[Deep Dive] Where do rejected applicants go? Reject inference and rejectkit

In Part 4 I touched on reject inference briefly. The point was that a model built on approved customers alone becomes biased once you apply it to the full applicant pool. This post is a record of writing that reject inference in code. I bundled the classic techniques together and, above all, built a library that also evaluates “whether this correction actually helps on my data.” It’s called rejectkit, and it’s now on PyPI and GitHub.

You will never know how the rejected applicants turned out

Picture a loan review. An applicant arrives, you look at their information, and you either approve or reject. For the ones you approve, you learn the outcome a few months later: pay well and it’s good, fall behind and it’s a default. But the ones you reject were never given a loan, so there’s nothing to repay. You will never know how they would have turned out.

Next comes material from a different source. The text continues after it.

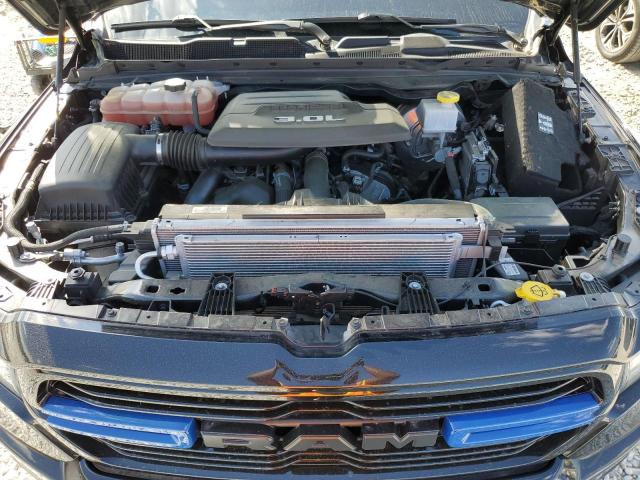 Photo 11 from auction – 2022 RAM 1500 LARAM with VIN 1C6SRFJM9NN168465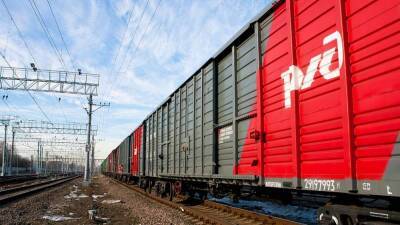 Узбекистан и Россия создали логистическую компанию для увеличения железнодорожных грузоперевозок между Китаем, РФ и Центральной Азией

That’s where the trouble starts. To build a model that predicts whether next year’s applicants will fall behind, you need labeled data — and the only labels you have belong to the people you approved. But approved customers are a skewed sample: they got through precisely because they looked fine in the first place. A model trained on them alone has a distribution that’s out of step with the full set of applicants who actually show up at your door.

It’s the same as a doctor who concludes “my treatment works great” from the patients who came back. The ones it didn’t help never returned, so they never make it into the data. This is exactly the selection bias from Part 0 and the reject inference from Part 4.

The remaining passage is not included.